Oh, for a good night’s sleep!

Ironically, after I took this photo of my bed in New York, I proceeded to have The Worst Night’s Sleep Ever which resulted in a mere two hours of shut-eye, and the rest of the time, tossing and turning and stressing out about not being able to drop off after waking at 02:12. (And here’s something random: 02:12 is the time I was born, if my birth certificate is to be believed – which is the reason why I remembered the time.)

02:12 aside, I don’t quite know what my excuse is back in Sydney; fractured or bad sleep seems to be the norm these days. And by these days, I mean the last few years. The only time I sleep well is when I’m on holiday.

Just as well that I’m three weeks’ away from said holiday then, isn’t it? Because I’m feeling quite frayed at the edges as we speak.

___________________

Listening: Asleep by The Smiths

08.07.13

apparently, heaps

Seriously, told myself as I left the office last Friday at 8pm that I would need to arrive to work on Monday well rested and ready for a big day.

Last night, I had to forgo dinner due to an inexplicable bellyache that arrived precisely at the wrong time – and then invited his friend, nausea, to join the party.

Later, I tossed and turned until around 02:30, unable – no matter how much I tried – to grab hold of sleep.

So. Feeling awesome this morning. Not.

Stack it on, Monday. Make it heaps.

08.05.13

furry friend

I’ve been extremely sleep-deprived today, and as a result, tired and unable to think straight. So all I will say is, whatever happens, however it happens, if the whole reincarnation business is legit and it really does go on, I would like to put in a request now to return as a domesticated cat. They always strike me as a species that knows just how to get their relax on, whether it’s in a sunny spot or a comfy position on their owners’ bed. I can’t imagine a domesticated cat would ever experience sleep deprivation.

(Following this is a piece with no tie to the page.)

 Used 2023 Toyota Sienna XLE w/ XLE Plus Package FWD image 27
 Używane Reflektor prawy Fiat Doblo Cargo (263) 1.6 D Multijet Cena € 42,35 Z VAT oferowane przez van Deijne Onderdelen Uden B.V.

What I would do for an entire week of good solid sleep.

07.04.13

Still fixating on elsewhere

I don’t want to find somewhere new so much as be elsewhere. I’d be quite happy to be in a familiar place.

That said, perhaps what I really want is Quality Sleep for more than six hours a night. Why is it so difficult to achieve recently?

I think I’d be quite able to see things in a different light.

Thoughts on places, and by that, I mean life’s journey itself, percolating in my head. We don’t always take the straightest route, do we? And when do we know when to stop moving, that we’ve arrived at our destination? When it’s OK to stop… sit… enjoy… snooze.

Listening: Elvis by The Rubens

28.03.13

come to me, caffeine!

Could’ve done with a big one of these today. Or maybe just a bit more sleep.

So pardon the lack of the usual sharing inane chatter, but I’m bushed and I need my bed.

Selamat malam!

07.02.13

sshhh!I go for weeks without dreaming, or at least, remembering my dreams… but this week-! A couple of nights ago, my dream featured two partners from my office, one of whom wanted to borrow the other’s (silvery-white) hairpiece. I don’t know what I was doing there, but I was. There. Watching with amusement as the serious older partner tried the hairpiece on for size then snatched it off his head and threw it back to the other younger partner and said, “No, I think people will be able to tell.” The funny thing was the older partner is (and was, in the dream) dark-haired and not in need of a piece. Very sensible, or else he would’ve gone out looking like a Top Deck chocolate bar.

This morning, I woke to another dream. A steamy, racy, saucy, raunchy sex dream. O.M.G. W.T.F. My heart was racing as I got out of bed, and I think I might’ve even been blushing. If I had been a 15-year old boy, I’m sure things would’ve been messy. Perhaps I’ve shared too much. I’m not sure why… I guess over-sharing has been somewhat of a theme this week. I can only apologise.

28.01.13

20130128-104524.jpg

What day is it? I’ve been more or less in ‘off’ mode for the last 24 hours. Managed to sleep until 5am today (unlike the 3am wide-awakening of the day before) and went for a 6am-ish run in the park, so now feeling pretty much normal. I’m walking around the city now thinking about it in terms of “This is where I’ll retire eventually.” I know I’m a still young to be thinking such thoughts but this is probably the first time I’ve ever really thought of the future in terms of a plan. I’ve always simply gone with the flow.